Ik zeg: ‘Ik voel me amper moedeloos en totaal niet verweesd.’
De analfabetische jongenshoer zegt fier en verbeten: ‘Ik wel!’
Daar loopt de man van mijn leven: de bedeesde zeepzieder
Sinds zijn kameleon dood is gunt hij me geen blik waardig
Ik heb nochtans niets te maken met de dood van zijn kameleon
Van mij mogen dieren zo lang mogelijk blijven leven.

Dan is de bedeesde zeepzieder slechts een punt in de verte
Maar wel een bloedstollend mooi en mystiek punt
Ik zal nooit van hem genezen
Omdat ik het niet wil
De analfabetische jongenshoer likt aan een gescheurde autoband
Iemand heeft hem wijsgemaakt dat het helpt tegen tandpijn en doodsangsten.

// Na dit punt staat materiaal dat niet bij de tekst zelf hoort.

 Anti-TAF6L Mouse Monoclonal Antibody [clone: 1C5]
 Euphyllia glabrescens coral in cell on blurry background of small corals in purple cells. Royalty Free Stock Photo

De zon gaat onder en een kannibaal probeert ons om de tuin te leiden
‘Daar moet je vroeger voor opstaan, onnozele schelm!’ roep ik kwaad
Hij druipt af, ik krijg bijna medelijden met hem
De analfabetische jongenshoer biedt me de autoband aan, ik lik
Het werkt dan toch.

Tot het laatst toe blijven deze gedichten onbeantwoordbare vragen oproepen, maar dat geeft niet. Gedichten zijn tenslotte geen cryptogrammen, er is niet altijd een oplossing. Het genoegen van met vragen blijven zitten, is dan misschien nog wel het hoogst haalbare. Want behalve voor de hand liggende vragen naar die autoband of naar die kannibaal, is deze misschien nog wel de meest bepalende: waarom lijkt de wereld van Vrolijke verwoesting toch zo verontrustend veel op die van mij en ook op die van Arjan Peters?

Jan de Jong

Delphine Lecompte – Vrolijke verwoesting. De Bezige Bij, Amsterdam. 160 blz. € 21,99.